## [Your instructions]
Once you reach the line with "2011 Chevrolet Traverse SUV - DZ8873", transcribe it and every line after it to the end of the records, exactly, but not the pictures.

━━━ Materials provided

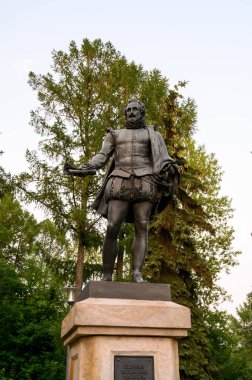 Miguel de Cervantes Saavedra anıtı 
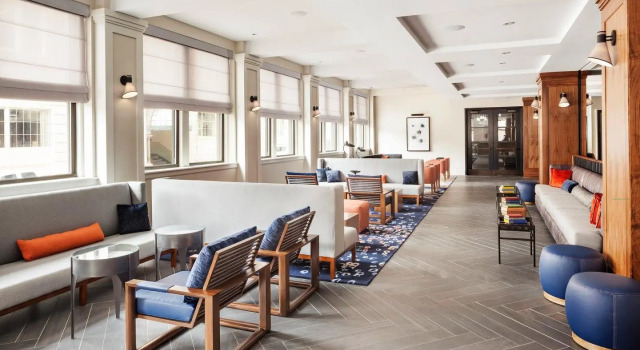 Номер Standard The Press Hotel, Autograph Collection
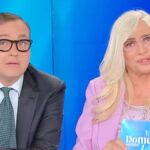 Mara Venier chiude Domenica In con un saluto a Teo Mammucari: “Ti voglio bene”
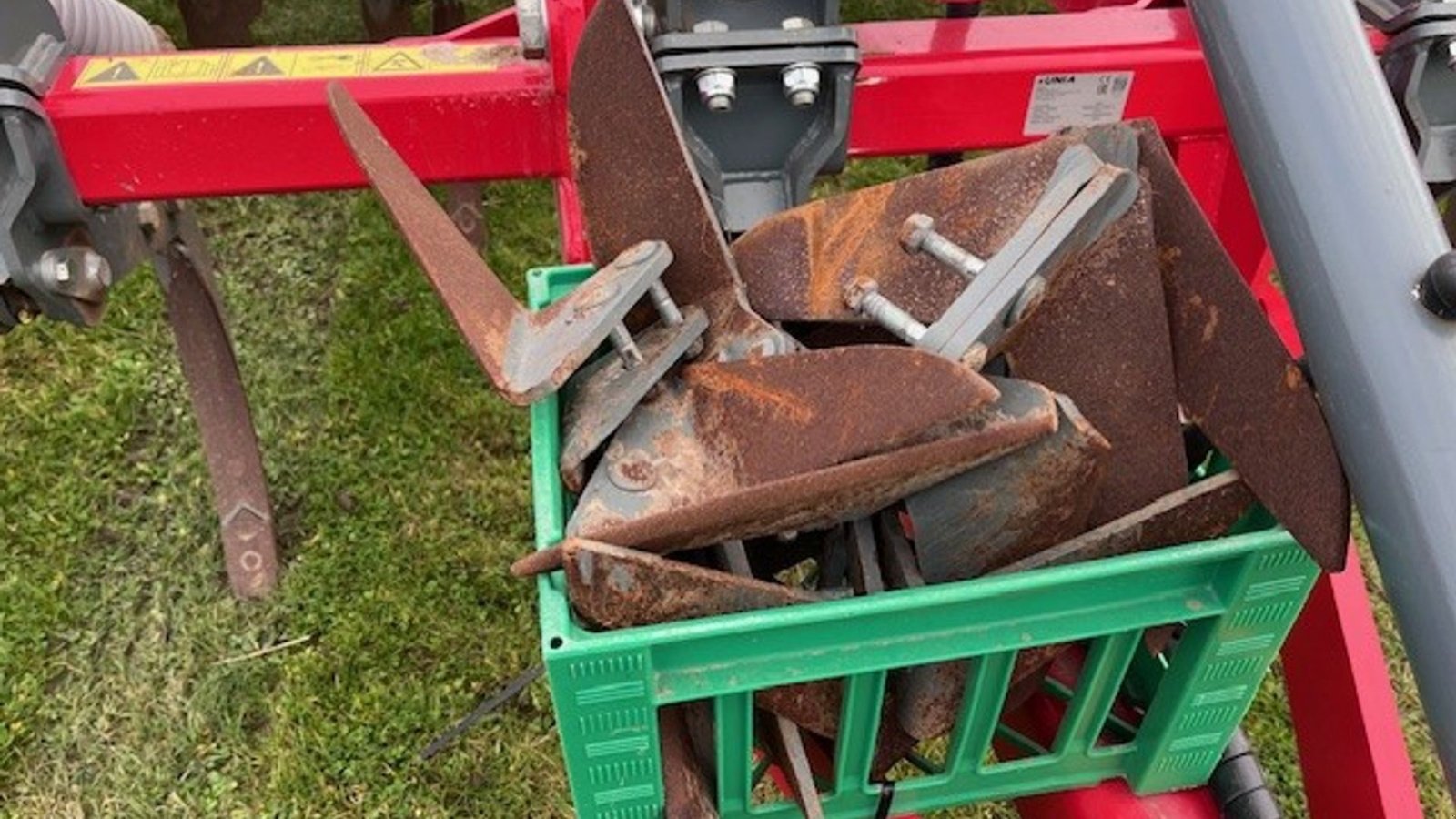 Zinkenrotor (Ackerbau) του τύπου Unia Kos Premium Premium LONG 4, Gebrauchtmaschine σε Sakskøbing (Φωτογραφία 10)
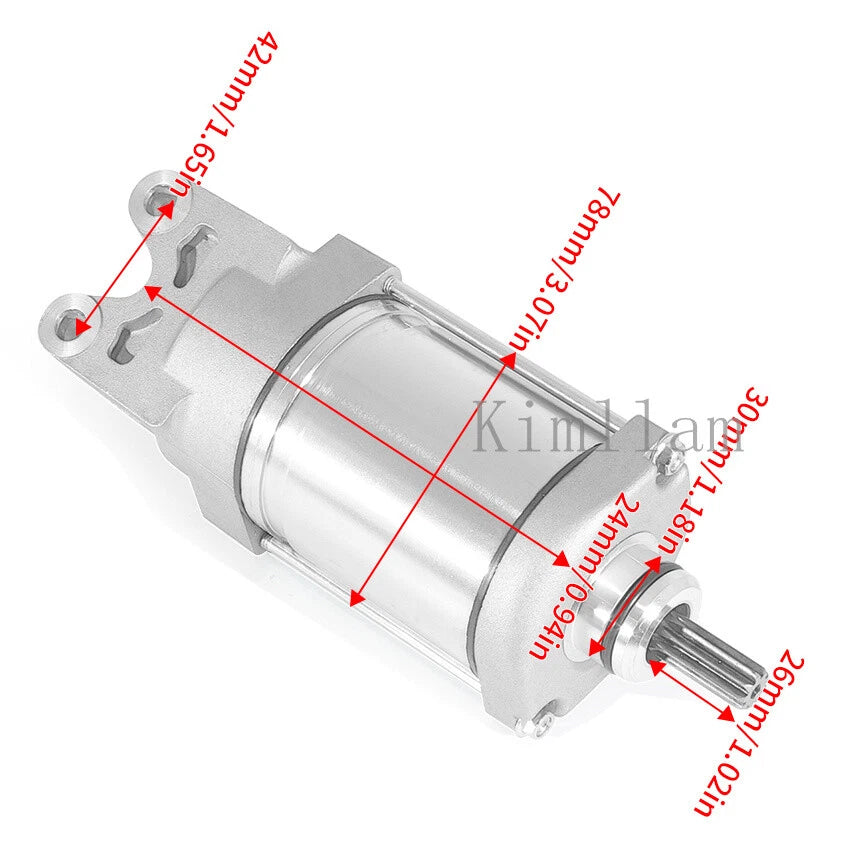 Starter Motor for Yamaha Apex ER/GT (2006-2010)  8HG-81890-00 8FP-81890-00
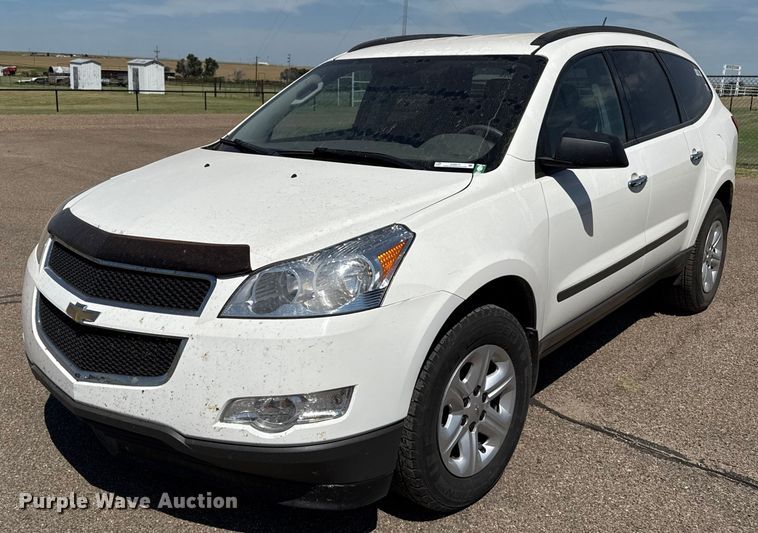 2011 Chevrolet Traverse SUV - DZ8873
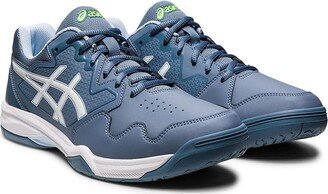 GEL-Dedicate 7 Tennis Shoe (Steel Blue/White) Men's Shoes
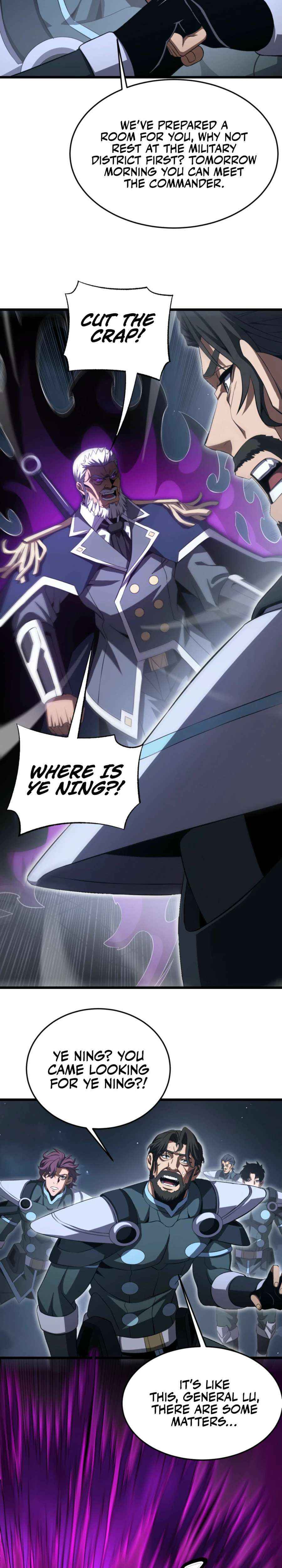 Doomsday Sword God Chapter 91 page 18 - 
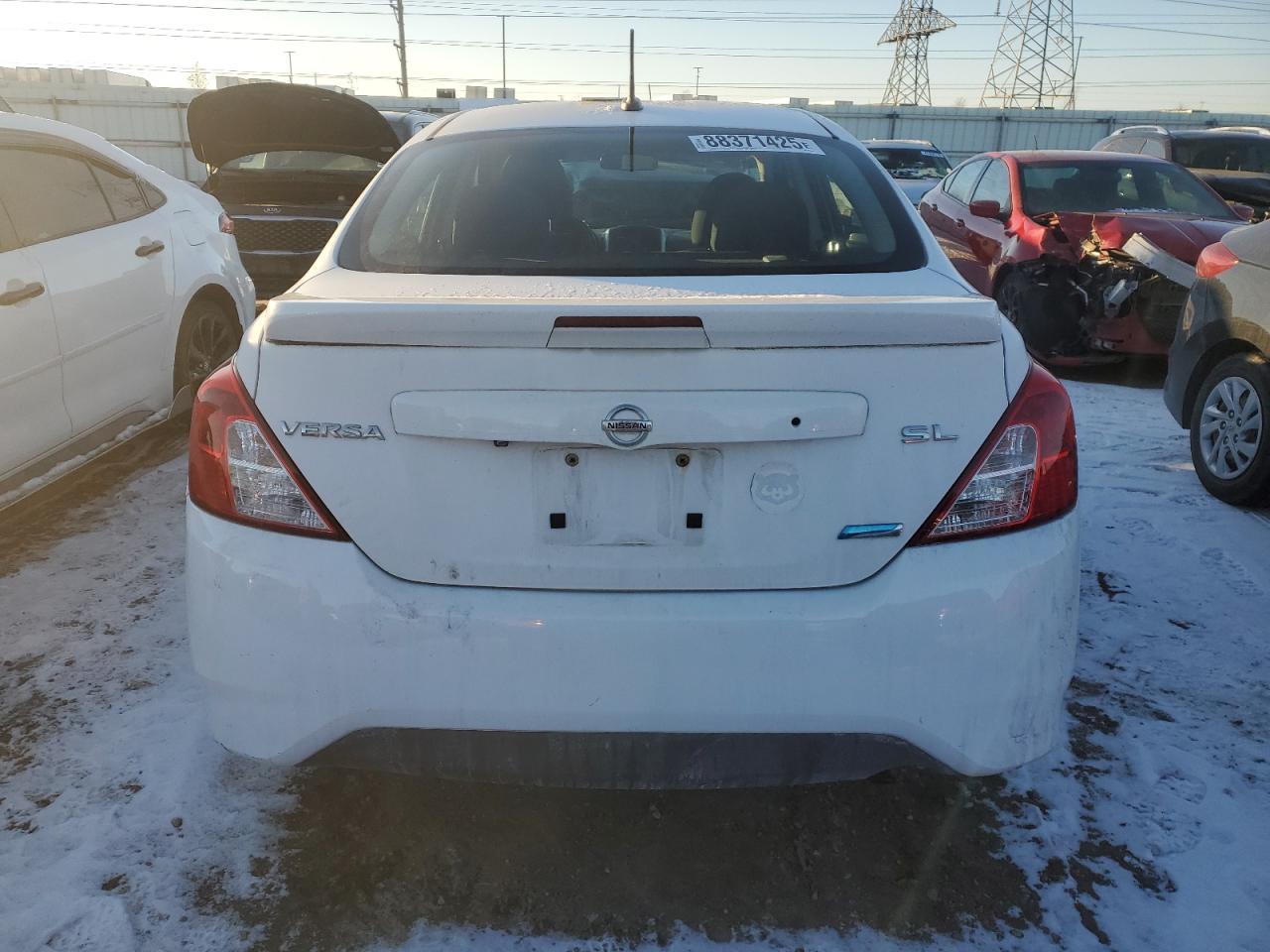 2016 NISSAN VERSA S - Фото 6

━━━━━━

## [Answer to the problem]
 2011 Chevrolet Traverse SUV - DZ8873
 GEL-Dedicate 7 Tennis Shoe (Steel Blue/White) Men's Shoes
 Doomsday Sword God Chapter 91 page 18 - 
 2016 NISSAN VERSA S - Фото 6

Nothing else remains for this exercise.